Inquiry-based learning is the best practice in geography education (Bednarz 2016). Inquiry-based learning in disaster learning can improve students' cognition through continuous reflection (Cooper et al. 2020; Justice et al. 2021). In Singapore, inquiry is considered a 'signature pedagogy' that can socialise students into the practices, concepts and values of the geography discipline (Seow et al. 2019). Inquiry-based learning emphasises a participatory approach, an essential element in DRR education (Hosseini & Izadkhah 2020; Kamil et al. 2020a; Yani 2021). The participatory approach in DRR education is very important to be believed to be effective in increasing community capacity (Gaillard & Mercer 2013). Several studies have proven that a participatory approach can significantly increase community understanding regarding disaster management (Oktari 2019).
Inquiry-based learning allows students to ask questions, negotiate, explore questions and share other scenarios to develop their critical understanding of phenomena on the earth's surface (Chakraborty & Kidman 2021; Favier & Van Der Schee 2012; Justice et al. 2007). Bednarz (2016) highlighted that IBL is essential in geography learning. It will increase the capacity of learners in self-management as well as build their investigative skills (Bednarz 2016).

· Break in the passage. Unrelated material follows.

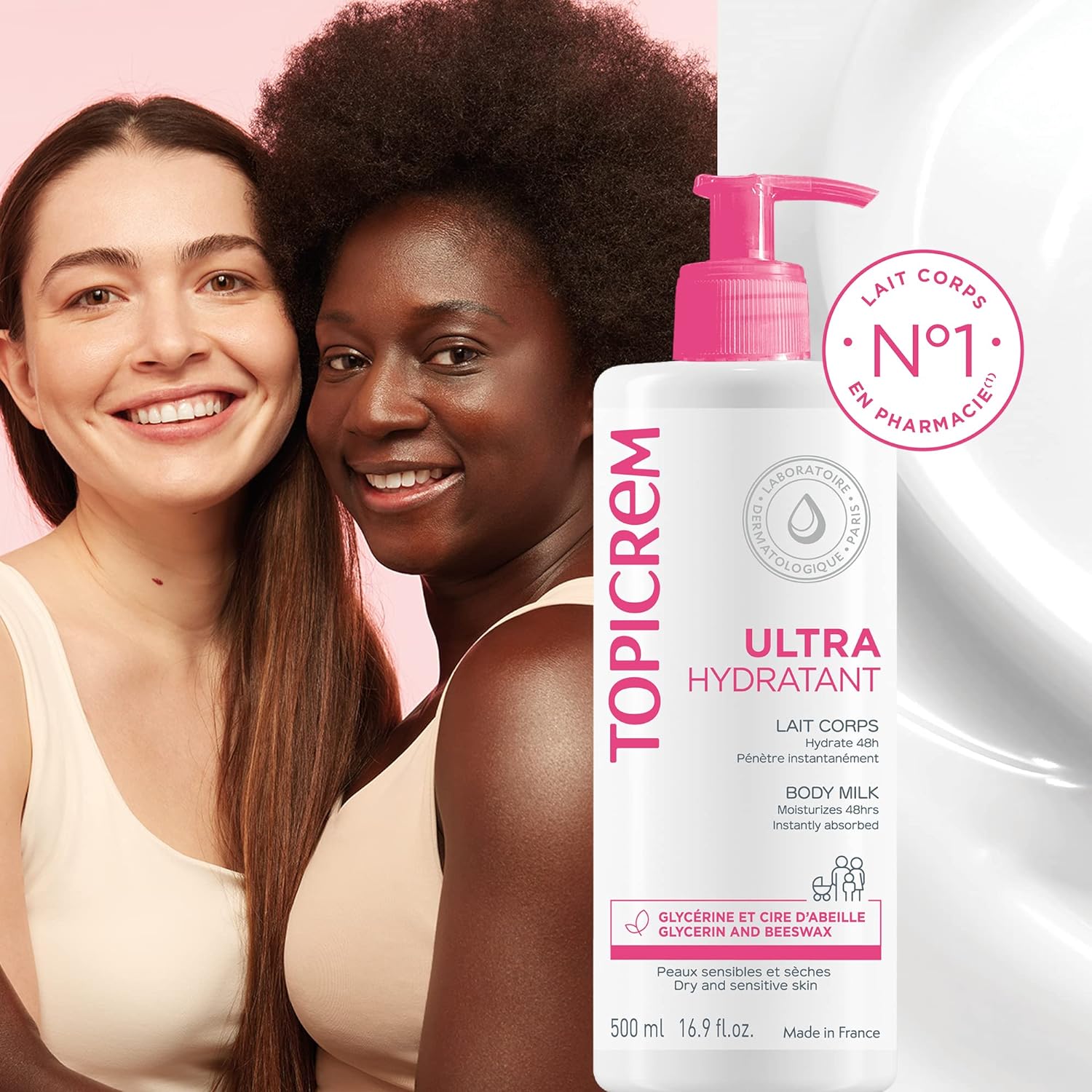 Topicrem Ultra Hydratant body milk lotion bottle with pink pump and No. 1 badge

This learning is believed to increase student capacity in effectively conducting investigations. Selby and Kagawa (2012) outlined several effective and efficient learning methods in disaster education, namely brainstorming, role-playing, experimental learning and inquiry. The inquiry learning that emphasises case research is believed to increase the in-depth understanding of disasters (Gouramanis & MoralesRamirez 2021). The core of PBL involves students constructing knowledge by asking them to complete projects and develop products (Guo et al. 2020; Karvánková et al. 2017; Roberts et al. 2010). The main difference between PBL and IBL is that IBL is a learning approach that directs students to find knowledge, ideas and information through investigation.
Project-based learning has several advantages: focusing on learning objectives, participation, collaboration and product creation (Guo et al. 2020). However, PBL has several weaknesses also, including the need for preparation and a long time to process. The success of implementing PBL in disaster studies is strongly influenced by students' activeness in exploring the material.
Inquiry-based learning emphasises critical and analytical thinking processes to find the answer to a question (Justice et al. 2007, 2021, Kidman & Casinader 2017). Learning using the inquiry model is believed to be more effective in increasing capacity. Namdar (2018) reported that the application of learning using the inquiry model effectively increases teacher understanding in Turkey about GCC. They also stated they were better prepared to teach GCC in their classrooms (Namdar 2018).
In addition, the inquiry learning model includes the model recommended by UNESCO in disaster education (Selby & Kagawa 2012). According to UNESCO, inquiry builds students' understanding of the causes, nature and impact of hazards while also developing various competencies and skills to enable them to contribute proactively to disaster prevention and mitigation (Selby & Kagawa 2012). Inquiry is an approach that makes students actively participate in learning, so it has the potential to be a catalyst, UNESCO also states (Selby & Kagawa 2012).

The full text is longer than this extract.